Comment peut-on expliquer l'omniprésence, la subjectivité de ce
discours de valorisation de soi dévalorisation de l'autre ? Simplement,
répond l'auteure, parce que l'apprentissage d'une langue étrangère
entraîne une comparaison de son ethnosocioculture avec celle de l'autre.
S'ensuit une remise en cause, une hiérarchisation des valeurs, celles
des autres, mais aussi des siennes propres. Il existe alors un risque pour la
communauté du même que l'apprenant se juge inférieur par
rapport à l'autre. Il pourrait alors rejeter les valeurs de son groupe
pour se rallier à celles de l'autre. Cette menace relève sans
doute du fantasme, mais elle se traduit bel et bien dans les discours. Et ne
facilite pas la démarche interculturelle, pourtant prônée
par tous.
Quels sont alors les alternatives pour améliorer la démarche
interculturelle dans les manuels ?
Il est évident que l'apprenant ne peut définir l'autre que par
rapport à soi, dans une relation d'identification-différenciation,
il est donc hors de question de songer à évacuer l'identité
du même. Impossible également de supprimer les représentations,
inhérentes à l'activité langagière. Il est alors
nécessaire de les prendre en compte en tant que telles, tout en incitant
l'apprenant à une attitude réflexive sur ses propres pratiques.

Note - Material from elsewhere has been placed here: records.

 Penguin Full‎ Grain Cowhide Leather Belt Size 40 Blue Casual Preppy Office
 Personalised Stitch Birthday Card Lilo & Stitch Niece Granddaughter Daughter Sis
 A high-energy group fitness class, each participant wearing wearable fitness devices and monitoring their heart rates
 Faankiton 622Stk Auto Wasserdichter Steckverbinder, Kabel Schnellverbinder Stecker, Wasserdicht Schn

C'est ce que l'auteure elle-même a cherché à faire lors
de l'élaboration d'un manuel de FLE au Nigéria.
Il paraît difficile de révolutionner le contrat de parole de l'auteur
de manuel, qui l'obligeant à tendre vers une objectivité extralinguistique
le met en situation délicate. On peut cependant imaginer que le fait
d'assumer sa subjectivité est préférable aux procédés
de masquage qui véhiculent d'autant mieux les stéréotypes.
Dans tous les cas, une sensibilisation des apprenants tant aux stéréotypes
qu'à la subjectivité et à la hiérarchisation des
différentes instances énonciatives est préconisée.

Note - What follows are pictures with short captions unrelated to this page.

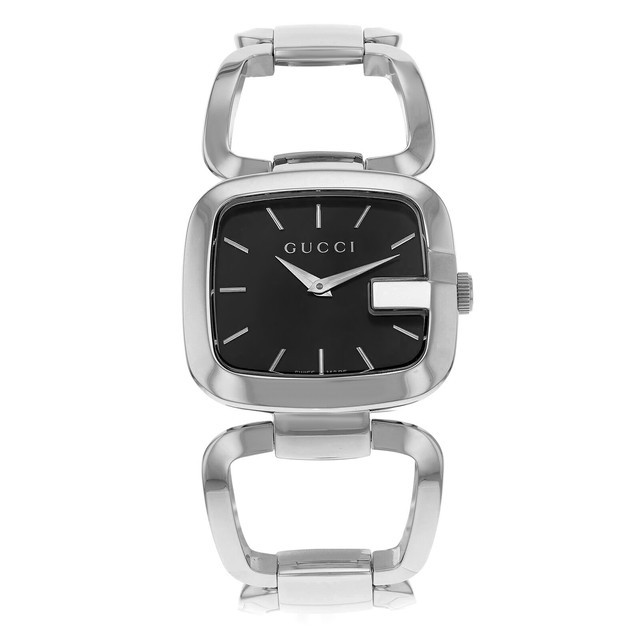 Gucci 125 Black Rectangle Black Dial Steel Quartz Ladies Watch YA125407 | eBay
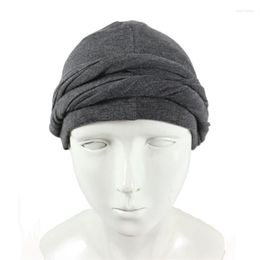 Berets Men Turban HeadWrap HaloTurban Durag Comfy Chemo Hat Satin Lined HeadScarf Muslim Hijab278A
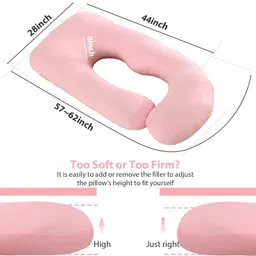 villagers LUXURY Microfibre Solid Pregnancy Pillow Pack of 1 image 2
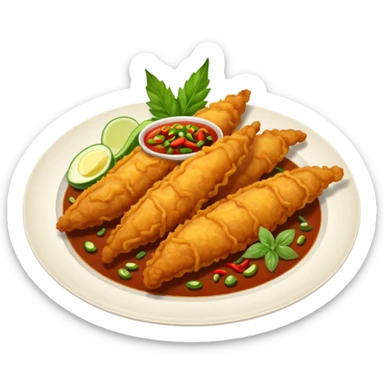 indonesian fried food with chili on a plate sticker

Décentration de l'apprenant, contextualisation des données, relativisation
sont des techniques reconnues. Il faut cependant signaler qu'elles ne s'adressent
qu'aux apprenants de niveaux avancés, si l'on se situe dans l'optique
de l'utilisateur de manuel. Il resterait un point à étudier, simplement
esquissé par le présent ouvrage : l'ouverture de l'identité
du français de France à celles de la francophonie, dont la diversité
et la richesse multiplient les opportunités de points de vue et de croisements...
Un véritable défi pour l'évolution des représentations
!
Cette esquisse de chemins didactiques ancre finalement le travail de Nathalie
Auger dans une optique didactologique, qui a depuis trouvé à se
réaliser dans des outils pédagogiques, tel le DVD Comparons nos
langues, mise en oeuvre de ce noble objectif : développer une plus grande
conscience de soi et des autres.
Bibliographie
BYRAM M., ZARATE G., 1993, Représentations de l'étranger et didactique
des langues, Paris, Didier, collection Crédif-Essais.